[Opening Given entries section]

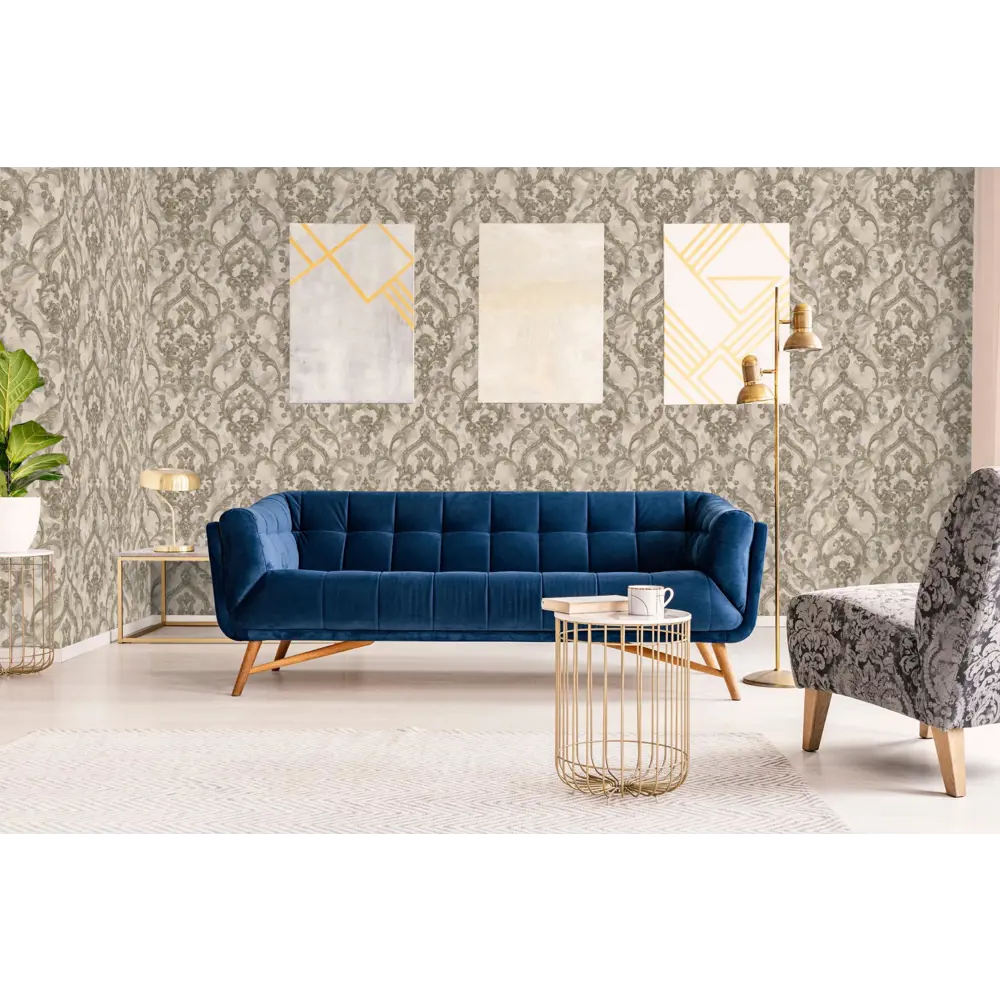 Фото Обои флизелиновые Grandeco Poeme 1.06 м серые бежевые зеленые OM 3004 Фото Обои флизелиновые Grandeco Poeme 1.06 м серые бежевые зеленые OM 3004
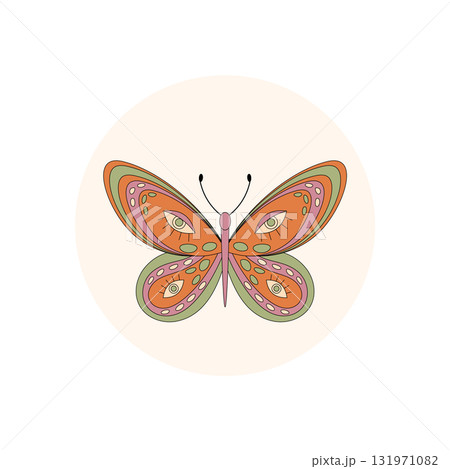 Groovy butterfly with retro orange and colorful patch style in a circle sticker. Butterfly as a trendy symbol and playful label sticker, perfect for lid package decoration in y2k patch aesthetic. 131971082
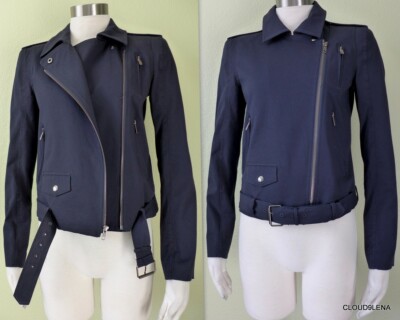 NWT THEORY $415 Cotton Blend ELECTRA Motorcycle Jacket Size P/(XS) in SPACE blue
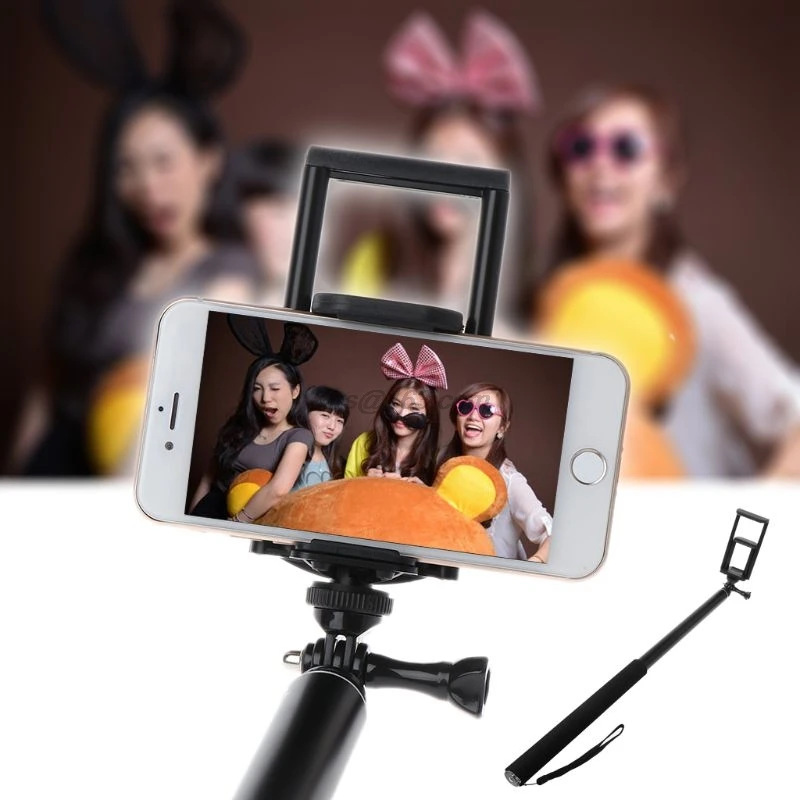 3m 118 tommer Alu Monopod kan Forlænges Selfie Stick til GoPro iPhone, iPad DSLR-Action-Kamera, 3.5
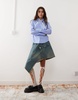 Reclaimed Vintage fitted shirt with lace tie detail in blue pinstripe
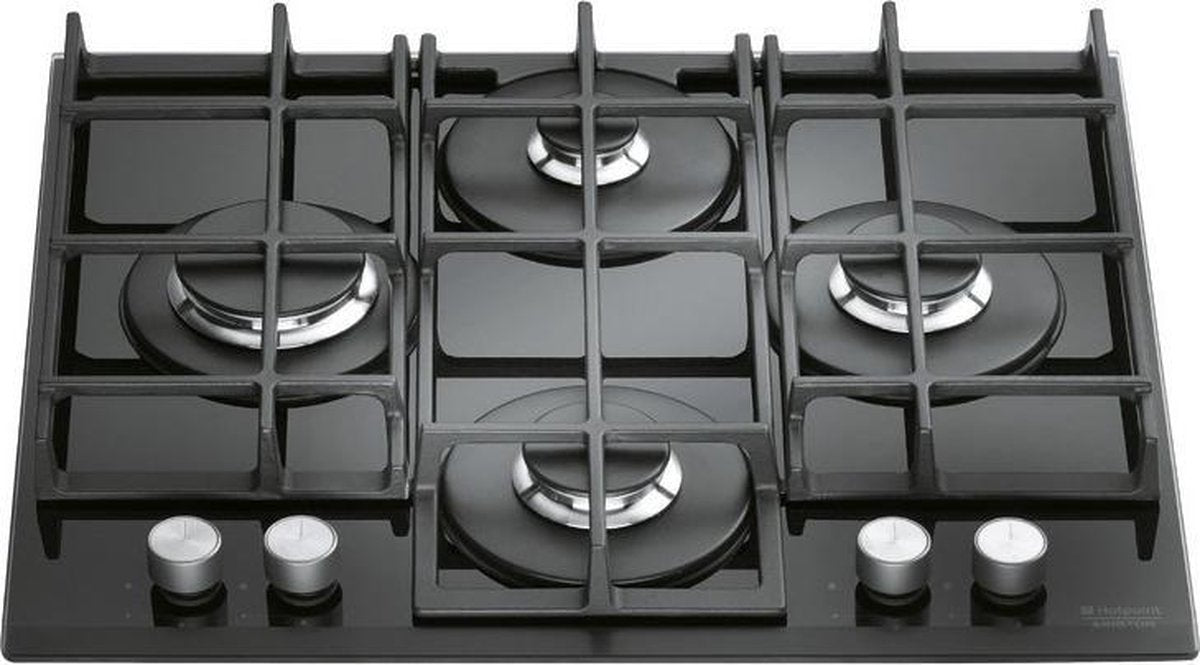 Hotpoint TQG 641 HA(BK) kookplaat Zwart Ingebouwd Gaskookplaat 4 zone(s)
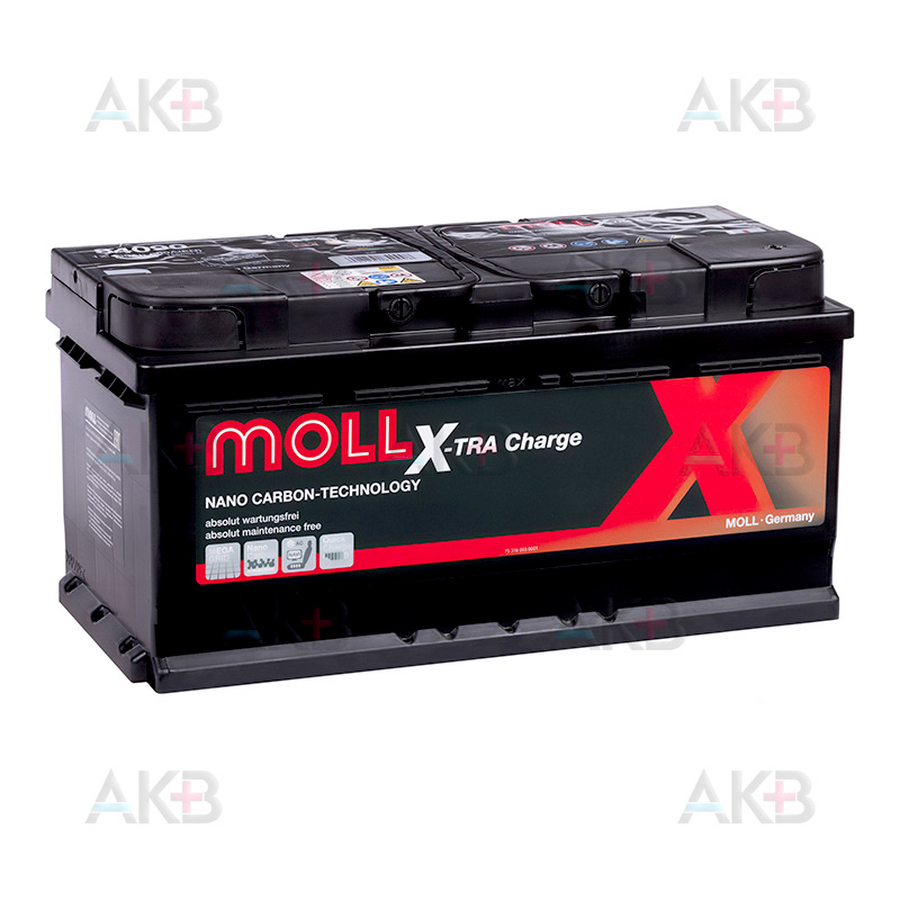Автомобильный аккумулятор Moll X-TRA charge 90 Ач 800A обр. пол. (353x175x175) 84090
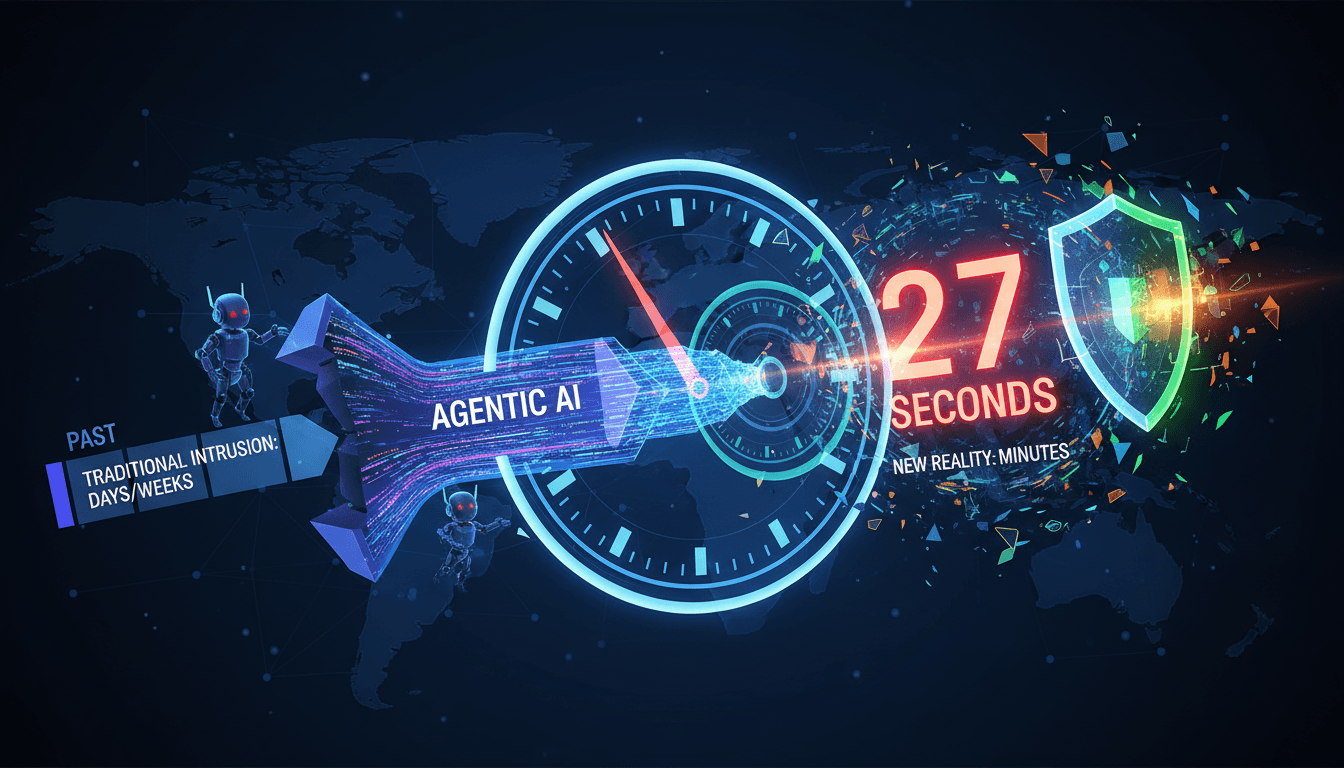 Infographic showing the impact of agentic AI on cyber intrusion timelines and defenses.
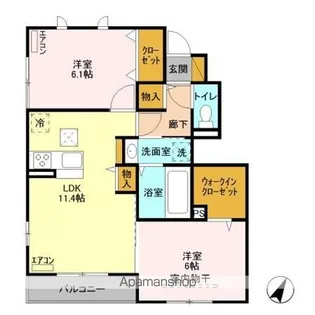 シエルボヌール【1階】の間取り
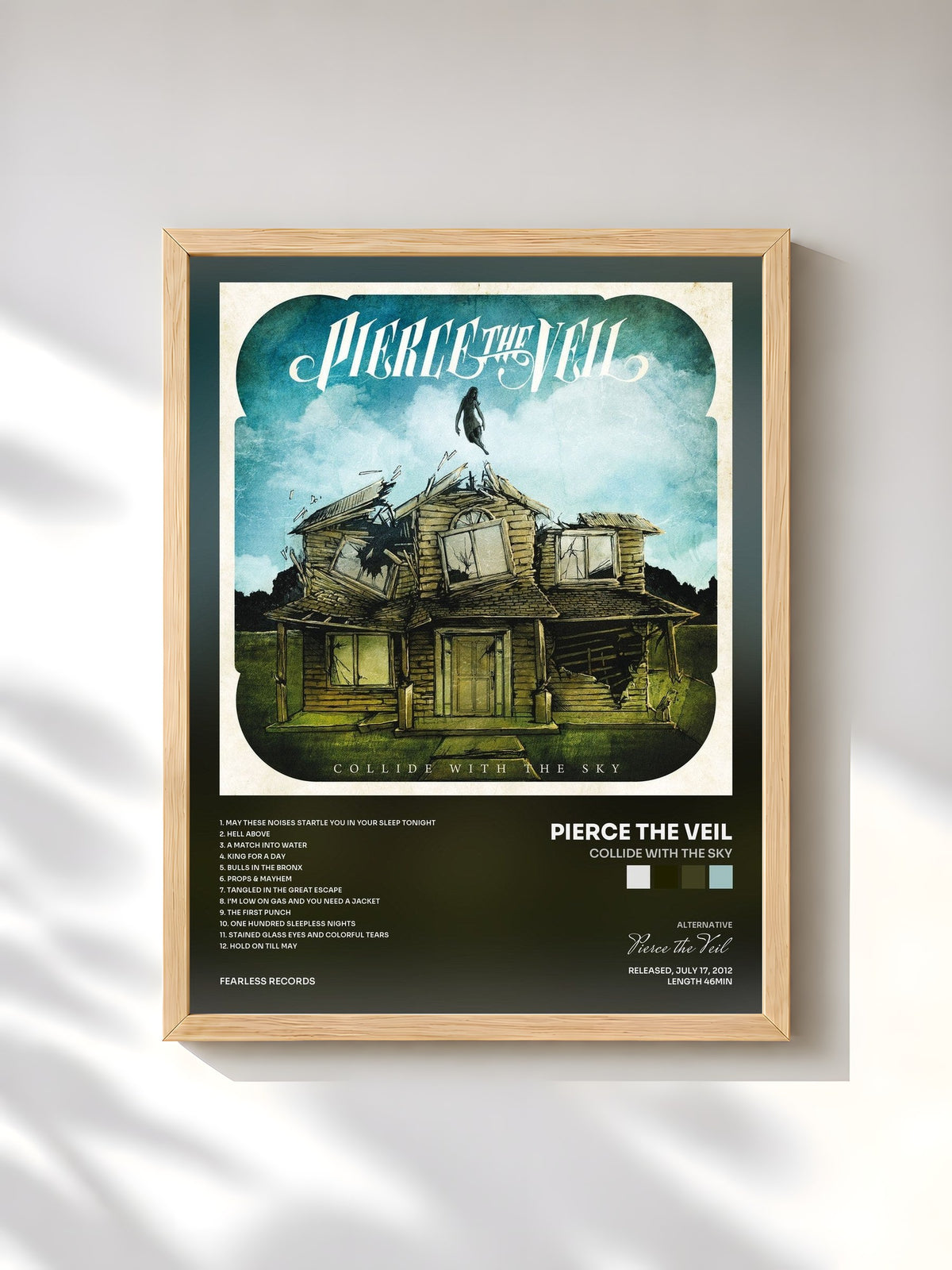 #bois Tableau de l'album Collide With The Sky de Pierce the Veil, cadre en bois brut, imprimé et encadré en France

[Closing Given entries section]

Exercise requirements:
Pictures excluded, repeat the material above from its first line through the line containing "Groovy butterfly with", both included.

Answer to this problem:
 Фото Обои флизелиновые Grandeco Poeme 1.06 м серые бежевые зеленые OM 3004 Фото Обои флизелиновые Grandeco Poeme 1.06 м серые бежевые зеленые OM 3004
 Groovy butterfly with retro orange and colorful patch style in a circle sticker. Butterfly as a trendy symbol and playful label sticker, perfect for lid package decoration in y2k patch aesthetic. 131971082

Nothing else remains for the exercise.